++++ TASK INPUTS ++++

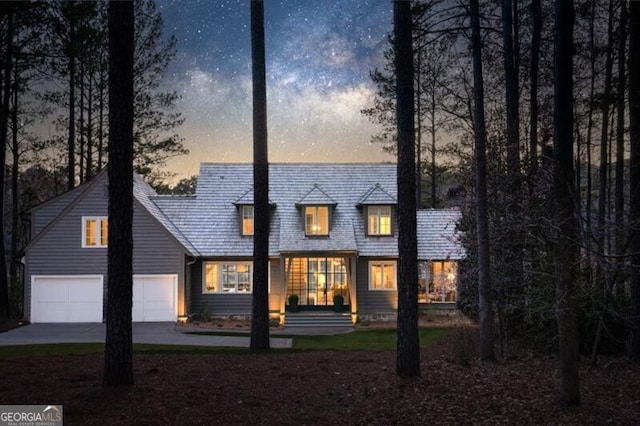 view of front of home featuring concrete driveway and a garage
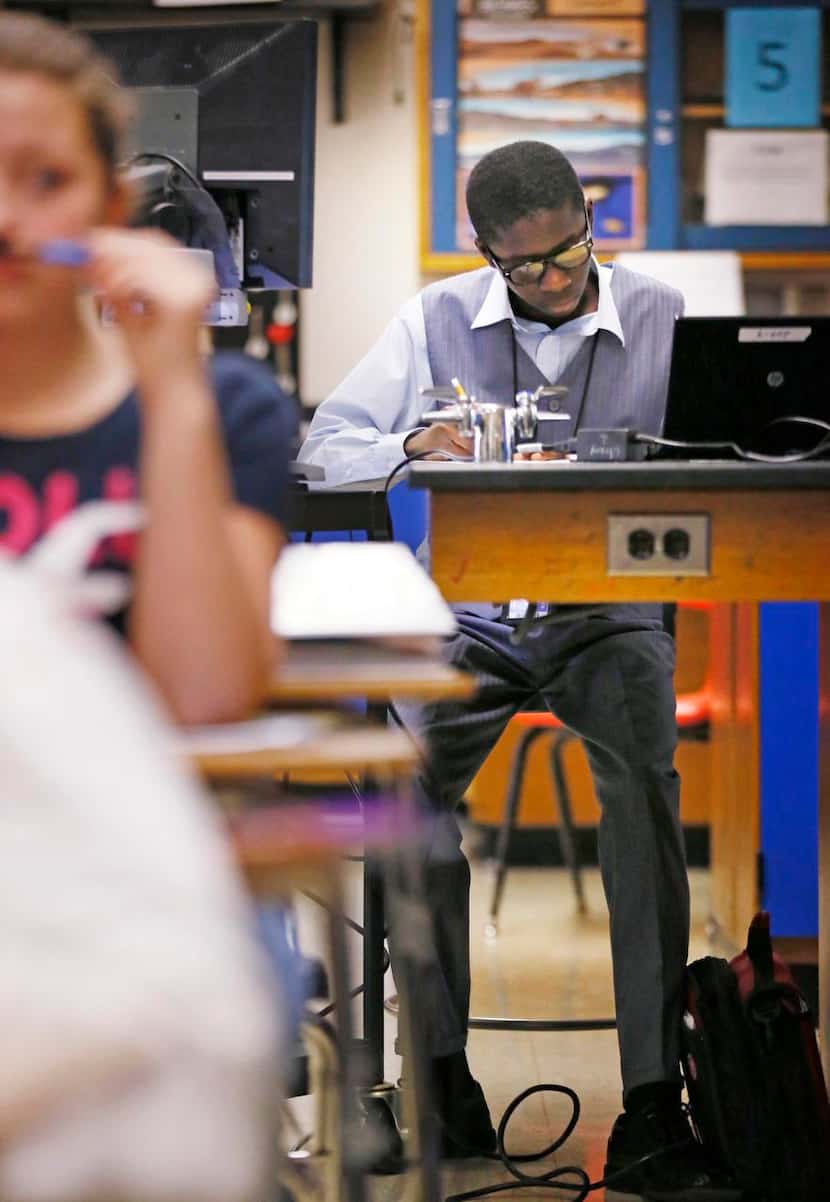 
Lee Kamara sits in the back of the classroom by the electric magnifying viewer during...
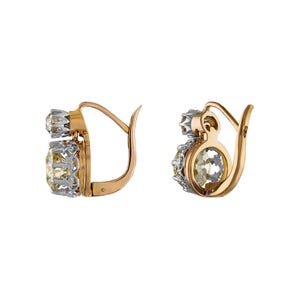 May include: A pair of gold-tone earrings with a lever back closure. Each earring features a light yellow gemstone and a smaller, clear gemstone. The gemstones are set in a silver-tone metal.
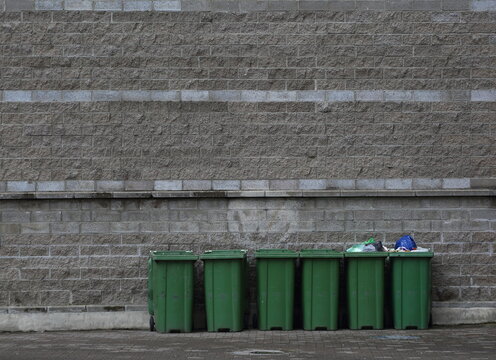 Six Mobile Plastic Green Dumpsters Against The Gray Wall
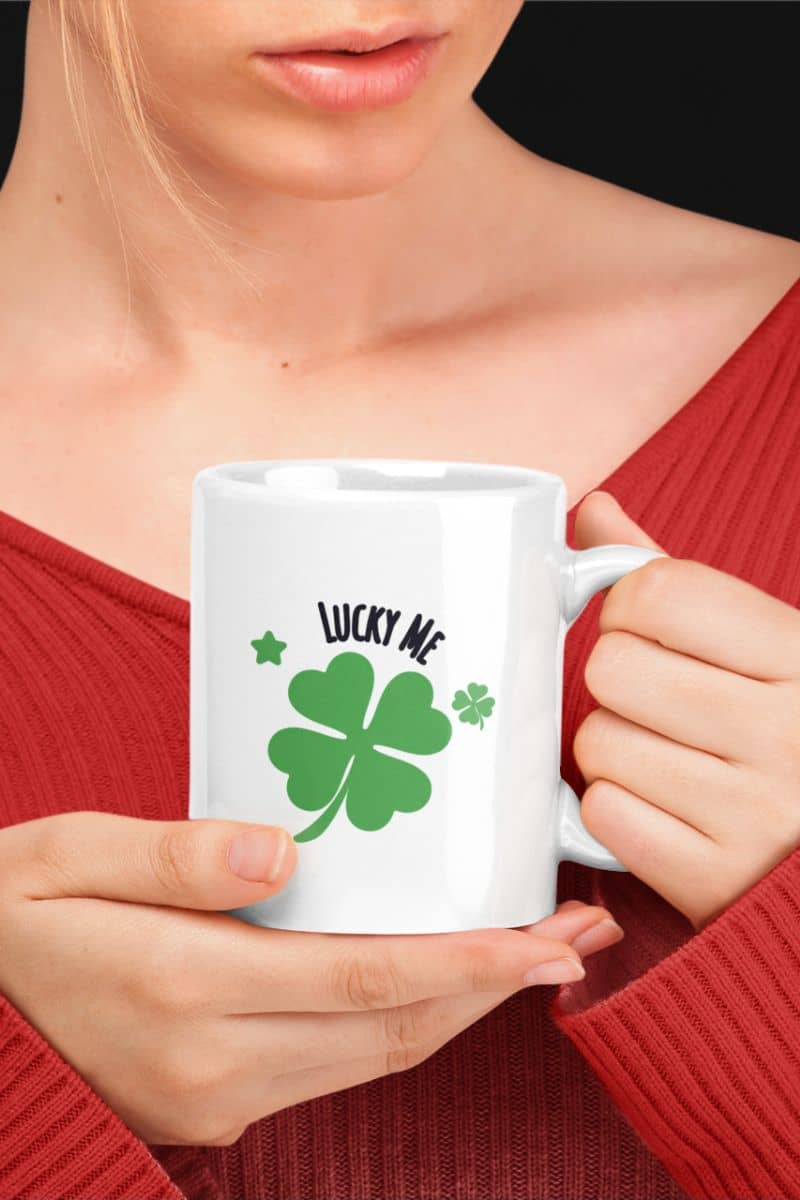 good luck mug gift with a person holding a white mug with a green four-leaf clover design and 'Lucky Me' text.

++++

▶ **WHAT IS NEEDED**: From the line containing "Six Mobile Plastic" through the last line of the data above, write out every line word for word, and nothing else. Do not include the pictures.

▶ **RESPONSE BOX**:
 Six Mobile Plastic Green Dumpsters Against The Gray Wall
 good luck mug gift with a person holding a white mug with a green four-leaf clover design and 'Lucky Me' text.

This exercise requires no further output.